Group of chemical compounds

Chemical structure of dihydro-resveratrol

Dihydrostilbenoids (bibenzyls) are natural phenols formed from the dihydrostilbene (bibenzyl) backbone.

== Examples ==
Dihydro-resveratrol is a natural phenol with a bibenzyl structure found in wine. It is also a metabolite of trans-resveratrol formed in the intestine by the hydrogenation of the double bond by microflora.

Combretastatin and combretastatin B-1 are two dihydrostilbenoids found in Combretum afrum, an African tree.
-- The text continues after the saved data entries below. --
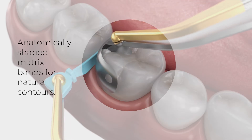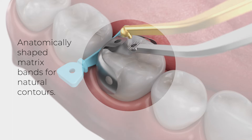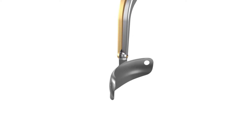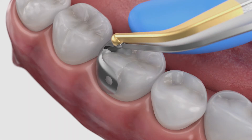After removal of the metal shield, insert the Paladin V3 matrix between the wedge and the cavity prep. Alternatively, if you choose to cut the prep without using a Wedge Guard, you can begin with the placement of the Paladin V3 matrix band.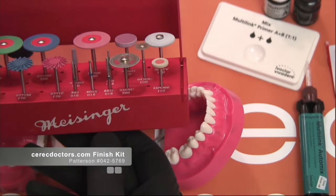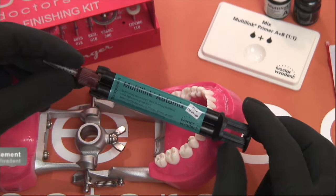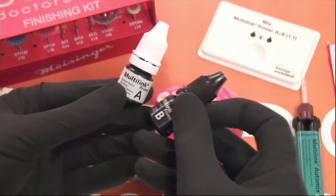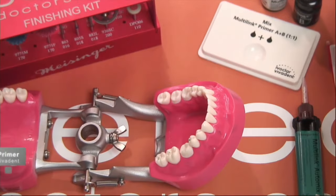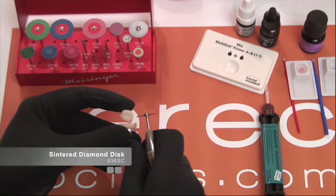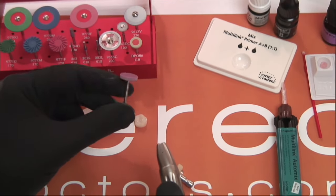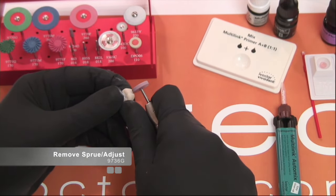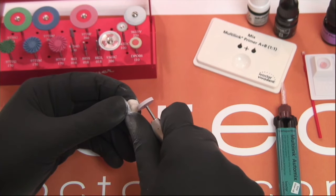We've already milled the Vita Enamic, and now we're going to talk about polishing and removing the sprue using the Meisinger kit, and how to cement the material using multi-link. The first thing we're going to do is cut off the sprue using a disc, then go to the stone wheel — burr 9736 in the kit — which is used at low speed and moderate pressure to remove and smooth out where the sprue was.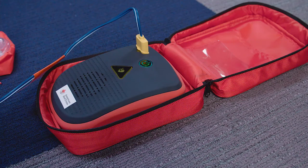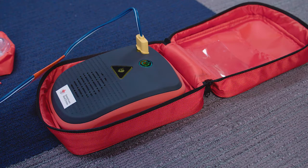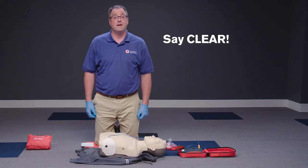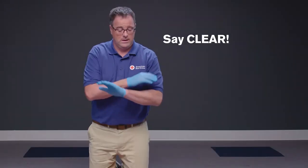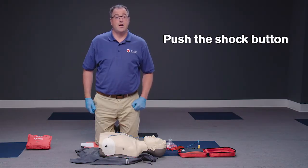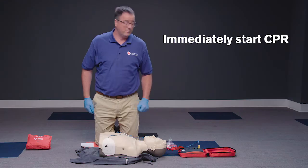When the AED indicates a shock is advised and prompts you to press the flashing shock button, again make sure no one, including you, is touching the person and say "clear" in a loud, commanding voice. Push the shock button to deliver a shock, and immediately start CPR beginning with compressions.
Isonotholaenic acid is another dihydrostilbenoid found in the Andean fern Argyrochosma nivea.

Bibenzyls (3,4'-dihydroxy-5,5'-dimethoxybibenzyl, 3,3'-dihydroxy-5-methoxybibenzyl (batatasin III)) can be found in the orchid Bulbophyllum vaginatum.

Bis(bibenzyls) and macrocyclic bis(benzyls) can be found in bryophytes, such as the compounds plagiochin E, 13,13'-O-isoproylidenericcardin D, riccardin H, marchantin E, neomarchantin A, marchantin A and marchantin B in the Chinese liverwort Marchantia polymorpha. Prenylated bibenzyls can be isolated from the New Zealand liverwort Marsupidium epiphytum or from Radula kojana.

One unique class of stilbenoid derivative was first isolated from Scorzonera humilis. They were named the tyrolobibenzyls after Tyrol in the eastern Alps, where the plant was collected.